Bola Ahmed Tinubu chose a northern Muslim running mate even though he is also a Muslim not because he hates Christians (his wife is a pastor, and all his children are Christians) but because it was the surest means to actualize his end. He had a choice between doing the “right” thing and “losing” and doing the “wrong” thing and “winning.” Like all politicians, he chose the option that came with “winning.”

 In the Southwest, moreover, he galvanized the support of people, irrespective of religious affiliation, by appealing to the common ethnic origins he shares with the people there. Meanwhile, among northern Muslims, he played up his Muslim identity to achieve identification with that voting bloc.

Atiku Abubakar tried to blunt Tinubu’s northern Muslim appeal by calling attention to the common ethnic and regional identity he shares with northern voters. His electoral battle cry in the North was “naka sai naka,” which translates as “yours is yours.” That’s a direct challenge to Tinubu who, although a Muslim, isn’t a northerner. This is in spite of Atiku’s reputation as a tolerant, broadminded, cosmopolitan politician who isn’t beholden to narrow ethnic, regional, and religious loyalties.  

In the South, meanwhile, Atiku sought to appeal to the emotions of the people of the Southeast by saying he has always been an unwavering friend of theirs and that he is the surest and shortest path to an Igbo presidency. Every single running mate he has had since he started running for president, he pointed out, has been an Igbo man, even if his latest running mate, Ifeanyichukwu Okowa, is a Midwestern Igbo whose people have historically disavowed affiliation with Southeastern Igbos.

 Peter Obi, for his part, cashed in on the Muslim identities of Tinubu and Atiku to rally Nigerian Christians to vote for him. In perceptual terms, he started off as an Igbo candidate who took advantage of the justified sentiment that an Igbo person has never been elected president. He later expanded his electoral base to become the southern Christian candidate. He ultimately emerged and campaigned as the all-Nigerian Christian candidate and abandoned attempts to transcend this confine because he knew he didn’t stand a chance against Tinubu and Atiku outside this.

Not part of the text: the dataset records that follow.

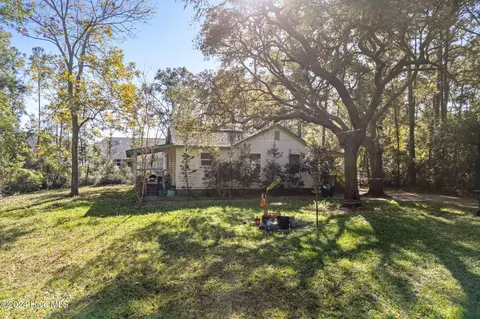 609 W 11th St, Southport, NC 28461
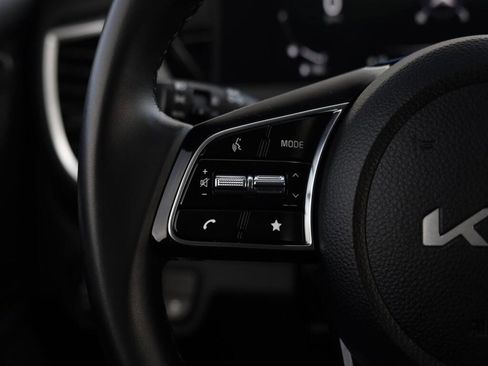 Used 2024 Kia Seltos S image 13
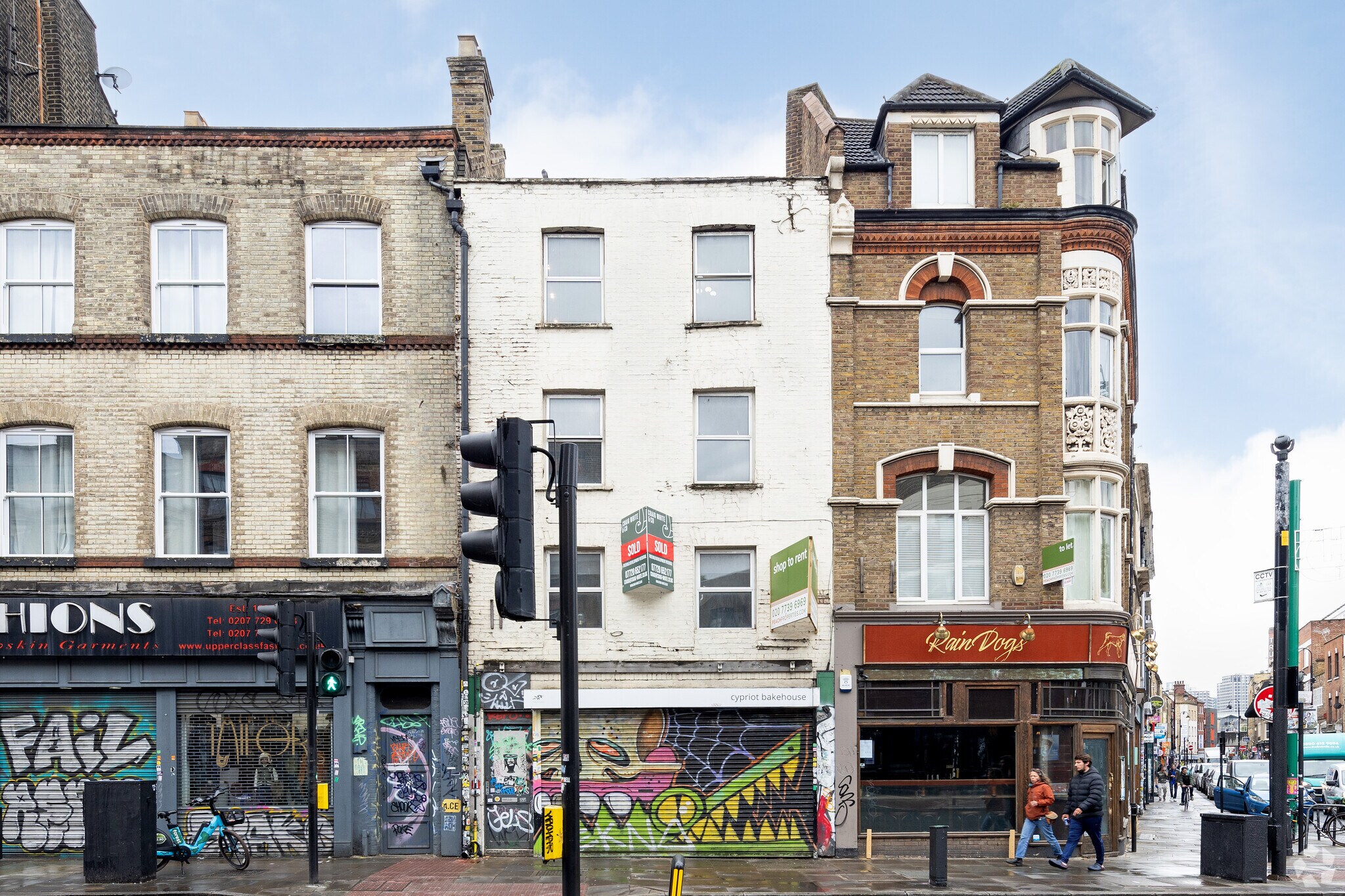 122 Bethnal Green Rd, London for sale Primary Photo- Image 1 of 1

Right from the demographic profiles of the people who constituted his presidential campaign council to his hopping from church to church in search of votes (even going so far as to say to Taraba Christian leaders, “Please church, wake up, take back your country”), to isolating Christian communities in predominantly Muslim Northern states for targeted campaigns and even making his post-election legal team an all-Christian and mostly Igbo affair, he has left no one in doubt that he is riding on the crest of the wave of Christian resentment against the two major political parties, on one of whose platforms he was a running mate in 2019 and a short-lived presidential contender in 2022, for fielding Muslims as their candidates.  

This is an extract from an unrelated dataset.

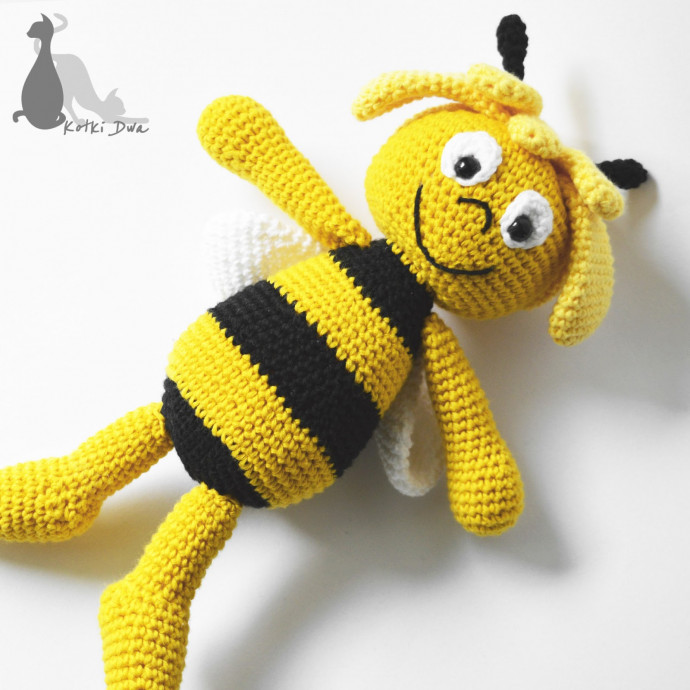 Create Your Own Crochet Maya the Bee Doll: A Step-by-Step Guide with Patterns and Tips Create Your Own Crochet Maya the Bee Doll: A Step-by-Step Guide with Patterns and Tips
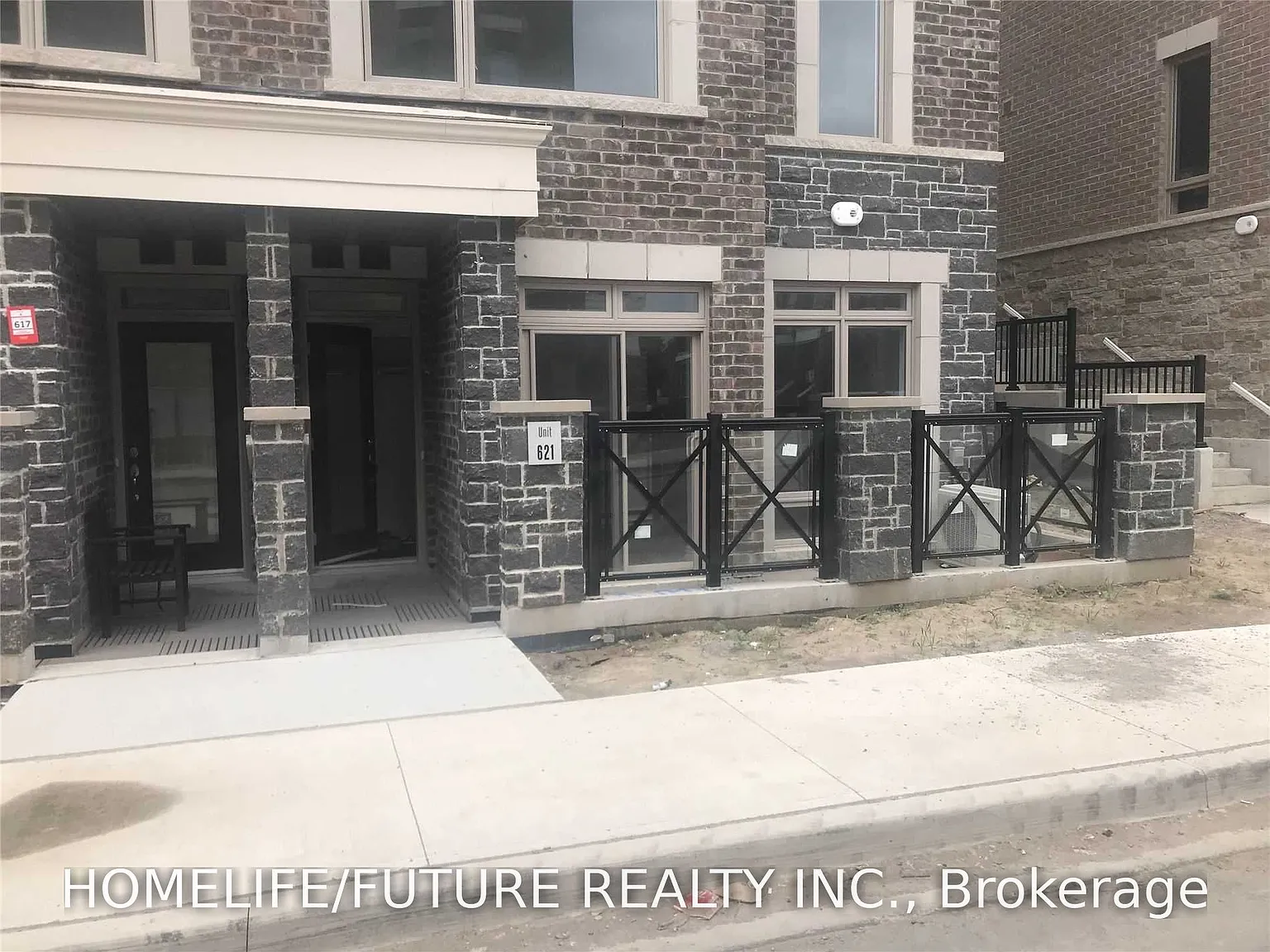 2 bed, $2,400 — Photo 1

Yet, Obi may well be a secular person who isn’t wedded to religion, but he needed to mobilize the Christian vote because it was his only way to have a fighting chance.

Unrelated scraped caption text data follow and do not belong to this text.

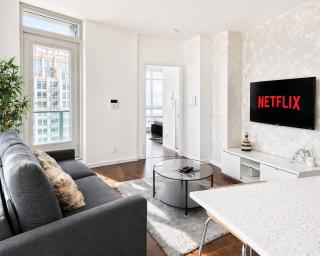 2 Bedroom Condo With City Views and Free Parking - 8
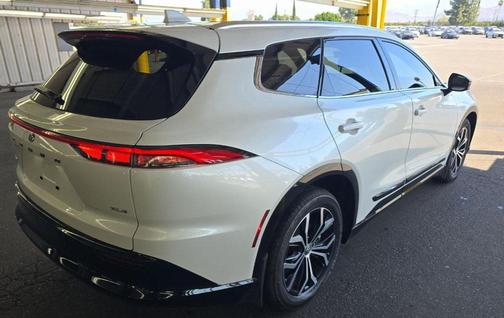 2025 Toyota Crown Signia XLE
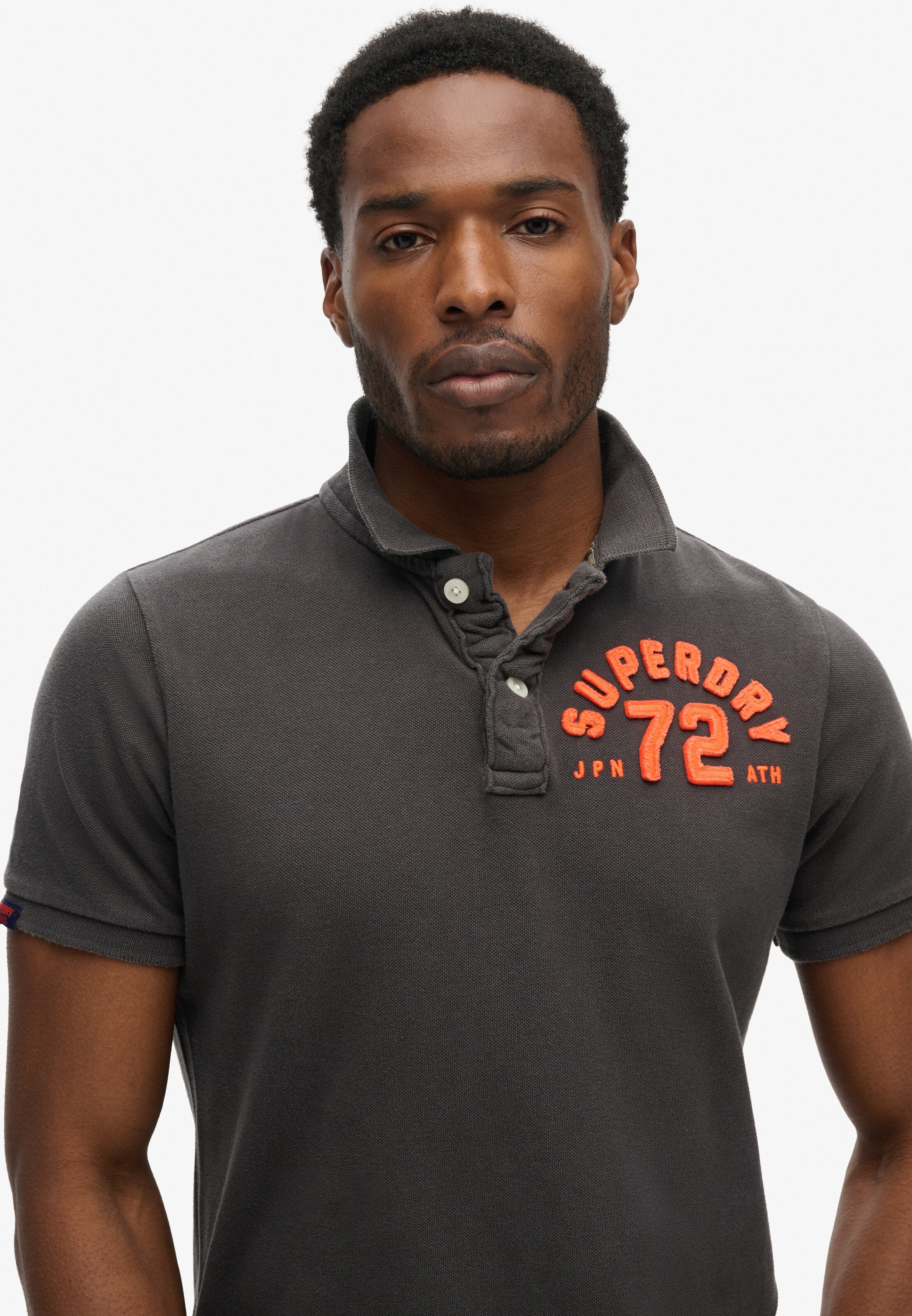 T-Shirt 'Vintage Athletic' Superdry en noir : devant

This sort of divisiveness isn’t healthy or sustainable for a fractious, fissiparous country like Nigeria. That is why we need to constitutionalize power rotation between regions. We need to avoid a repeat of what happened this year where collective identities squared off against each other and raised the national emotional temperature to fever pitch. Its cost to national cohesion isn’t worth the trouble.

Given our peculiarities, systematizing power rotation between the regions at national, state, and local levels is the way to go. I know this will be resisted by politicians who will see this suggestion as the indefinite deferment of their political aspirations, but it’s the best way to ensure tranquil co-existence.

The constitution should draw up a schedule of power rotation so that every region and subregion of the country will have a chance to be president, vice president, governor, deputy governor, member of the House of Representatives, senator, house of assembly member, and local government chairman. All registered political parties should be required to nominate their candidates (and running mates in the case of presidential and governorship elections) from one region for eight years after which another region will have a shot.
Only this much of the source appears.